De acuerdo con World Happiness Report de 2026, México descendió dos lugares respecto al año anterior, ocupando el lugar número 12. Mientras que el país más feliz del mundo es Finlandia, le siguen: Islandia, Dinamarca, Costa Rica, Suecia, Noruega, Países Bajos, Israel, Luxemburgo, Suiza. Los países menos felices son: Afganistán, Sierra Leona y Malawi.

Así, el Día Mundial de la Felicidad no solo representa una efeméride simbólica, sino también una oportunidad para replantear prioridades y recordar que el bienestar, tanto individual como colectivo, es una construcción diaria que merece atención y compromiso.

La conmemoración fue impulsada en 2012 por la Organización de las Naciones Unidas, durante una asamblea inspirada en el ejemplo de Bután. Esta nación ha sido pionera al priorizar la Felicidad Nacional Bruta por encima de indicadores económicos tradicionales, destacando que el desarrollo de una sociedad no puede medirse únicamente en términos financieros, sino también en la calidad de vida de sus habitantes.

A partir de esta iniciativa, la ONU incorporó el bienestar como un eje central dentro de sus objetivos globales, especialmente en la Agenda 2030, donde se reconoce la felicidad como una aspiración universal. En este contexto, se busca promover políticas públicas y acciones individuales que contribuyan a una vida más plena, equilibrada y significativa.
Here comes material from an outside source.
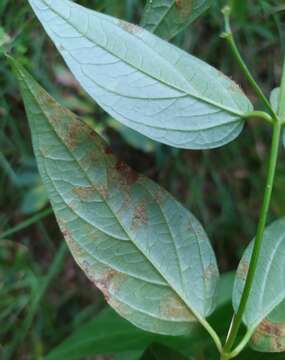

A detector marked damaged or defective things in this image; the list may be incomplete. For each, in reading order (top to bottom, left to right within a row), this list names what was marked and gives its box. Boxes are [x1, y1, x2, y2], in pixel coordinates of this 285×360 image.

brown rust spot [115, 160, 138, 186]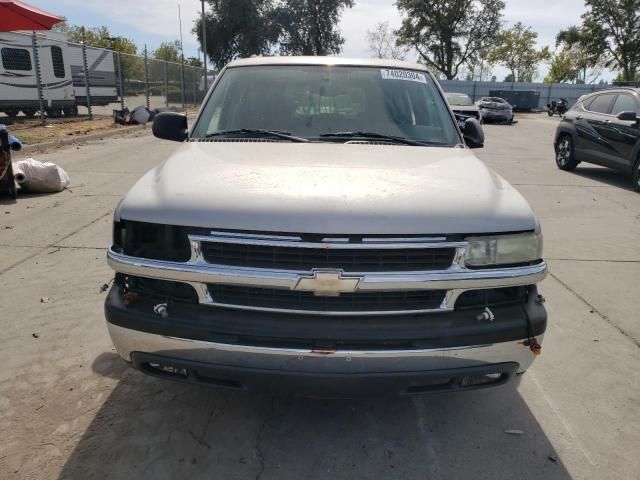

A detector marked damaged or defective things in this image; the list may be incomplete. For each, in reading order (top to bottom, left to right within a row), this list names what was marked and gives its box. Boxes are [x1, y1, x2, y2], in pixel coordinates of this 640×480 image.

Más allá de los discursos institucionales, la felicidad también se construye en lo cotidiano. Diversos estudios, como los realizados por la Universidad de Harvard, han demostrado que factores como las relaciones personales, la salud mental y los hábitos diarios influyen directamente en el bienestar. En este sentido, adoptar ciertas prácticas puede marcar una diferencia notable en el estado de ánimo y la calidad de vida.

Entre ellas, destaca la importancia de expresar emociones y buscar apoyo cuando sea necesario, ya sea a través del diálogo o de procesos terapéuticos. Asimismo, la actividad física juega un papel fundamental, ya que no solo fortalece el cuerpo, sino que también contribuye a la liberación de endorfinas, generando una sensación de bienestar.

El equilibrio entre responsabilidades y tiempo libre resulta igualmente crucial. Dedicar espacios al descanso, al ocio y a actividades recreativas permite reducir el estrés y mejorar el humor. De igual manera, cultivar relaciones sociales cercanas y de calidad se ha asociado con una mayor satisfacción personal a lo largo del tiempo.

Otras prácticas recomendadas incluyen escribir pensamientos para procesar emociones, mantener una adecuada higiene del sueño, practicar el perdón como herramienta de liberación emocional y adoptar técnicas como la meditación, promovidas incluso por organismos internacionales de salud.

Finalmente, encontrar actividades que despierten el interés personal —como hobbies o retos creativos— fortalece la autoestima y aporta motivación. En contraste, reducir el uso excesivo de dispositivos móviles favorece la conexión con el entorno y con uno mismo, elementos clave para un bienestar duradero.